Task requirements:
Hunt through the entries for the word "Case" and copy each line in which it appears.

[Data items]
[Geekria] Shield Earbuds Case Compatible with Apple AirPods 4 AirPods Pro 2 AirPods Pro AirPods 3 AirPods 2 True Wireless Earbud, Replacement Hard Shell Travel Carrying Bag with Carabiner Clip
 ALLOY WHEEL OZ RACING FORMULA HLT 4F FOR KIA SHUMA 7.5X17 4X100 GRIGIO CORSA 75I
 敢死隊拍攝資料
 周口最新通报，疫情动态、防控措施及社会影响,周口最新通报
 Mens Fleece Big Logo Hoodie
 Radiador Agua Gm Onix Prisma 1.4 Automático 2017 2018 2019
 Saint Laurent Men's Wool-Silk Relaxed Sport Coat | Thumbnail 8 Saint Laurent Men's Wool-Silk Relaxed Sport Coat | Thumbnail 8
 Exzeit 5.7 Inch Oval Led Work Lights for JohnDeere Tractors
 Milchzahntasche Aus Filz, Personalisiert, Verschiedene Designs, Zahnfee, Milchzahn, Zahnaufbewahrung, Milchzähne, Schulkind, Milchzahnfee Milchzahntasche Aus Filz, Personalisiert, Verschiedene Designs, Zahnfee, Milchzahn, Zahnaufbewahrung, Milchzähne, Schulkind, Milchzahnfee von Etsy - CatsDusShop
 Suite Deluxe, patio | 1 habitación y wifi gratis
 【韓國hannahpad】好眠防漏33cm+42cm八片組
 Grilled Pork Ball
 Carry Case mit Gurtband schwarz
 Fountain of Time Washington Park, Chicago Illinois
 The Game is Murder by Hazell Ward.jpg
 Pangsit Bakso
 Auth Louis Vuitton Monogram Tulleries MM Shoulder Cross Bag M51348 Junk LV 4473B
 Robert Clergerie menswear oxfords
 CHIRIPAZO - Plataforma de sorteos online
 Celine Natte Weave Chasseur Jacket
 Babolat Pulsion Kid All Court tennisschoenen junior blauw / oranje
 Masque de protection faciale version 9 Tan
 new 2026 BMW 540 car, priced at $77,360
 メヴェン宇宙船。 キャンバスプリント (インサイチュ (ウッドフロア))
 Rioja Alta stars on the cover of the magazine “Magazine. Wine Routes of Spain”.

Exercise result:
[Geekria] Shield Earbuds Case Compatible with Apple AirPods 4 AirPods Pro 2 AirPods Pro AirPods 3 AirPods 2 True Wireless Earbud, Replacement Hard Shell Travel Carrying Bag with Carabiner Clip
 Carry Case mit Gurtband schwarz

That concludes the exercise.